Mr. Voris is the founder and president of St. Michael’s Media/Church Militant, described on its website as “a media enterprise established to address the serious erosion of the Catholic faith in the last 50 years.”
Funding
It is the opinion of Mr. Voris that the Church’s focus on “the poor” began around 1968 when the Catholic Church was introduced to liberation theology, which affirmed “the rights of the poor” and suggested “that industrialized nations enriched themselves at the expense of developing countries.”“That’s the driving force behind all of this,” he suggested. “Immigration, climate change, social justice, it’s all centered around the pretense of caring for the poor.”
According to an Aug. 24, 2021 report by investigative journal The Pillar—which describes itself as “a Catholic media project”— a significant portion of the USCCB’s revenue comes from taxpayer-funded, government grants.
Community development grants offered by the USCCB range between $25,000 and $75,000. Grant amounts for Economic Development range between $25,000 and $75,000.
“In keeping with their strategic nature, these grants are intended for campaign-style initiatives of significant scale, with focused time-specific goals of regional or national importance.”
‘You Have to Be Faithful’
Priests for Life founder (formerly Rev.) Frank Pavone is familiar with Mr.
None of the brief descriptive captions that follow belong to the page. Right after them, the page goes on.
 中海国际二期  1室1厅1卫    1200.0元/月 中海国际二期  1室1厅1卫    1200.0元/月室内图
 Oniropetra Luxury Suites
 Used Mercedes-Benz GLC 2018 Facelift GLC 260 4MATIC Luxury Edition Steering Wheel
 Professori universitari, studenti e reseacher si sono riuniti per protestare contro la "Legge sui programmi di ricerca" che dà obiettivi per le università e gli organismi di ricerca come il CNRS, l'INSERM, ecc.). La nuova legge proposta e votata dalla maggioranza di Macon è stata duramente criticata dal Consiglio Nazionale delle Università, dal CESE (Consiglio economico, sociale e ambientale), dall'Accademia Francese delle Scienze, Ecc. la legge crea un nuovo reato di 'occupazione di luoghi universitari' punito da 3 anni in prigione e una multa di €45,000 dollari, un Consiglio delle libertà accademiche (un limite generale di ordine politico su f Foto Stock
Hichborn’s work and is not surprised by his findings, especially regarding “the compromises” the Catholic Church has made on “key moral issues.”In December 2022, Mr. Pavone was dismissed from the clergy for “blasphemous communications on social media” and “persistent disobedience of the lawful instructions of his diocesan bishop.”
The Catholic Church, he explained, has a lot of churches and charities that require millions to maintain.
“You’ve always got to be raising funds,” he said. “In order to raise funds you have to please the donors, and getting government funds means you have to please the government. But you have to be faithful to the moral truth. Even if you’re going to alienate the government or other donors.”
One way of remaining faithful to that moral truth, he suggests, is to stand firm on “keeping the purity of our moral witness to society that we do not cooperate in any way with the killing of children by abortion.”
“If you have to explain why it’s right, something is wrong,” he said. “People have to come away inspired, not confused.”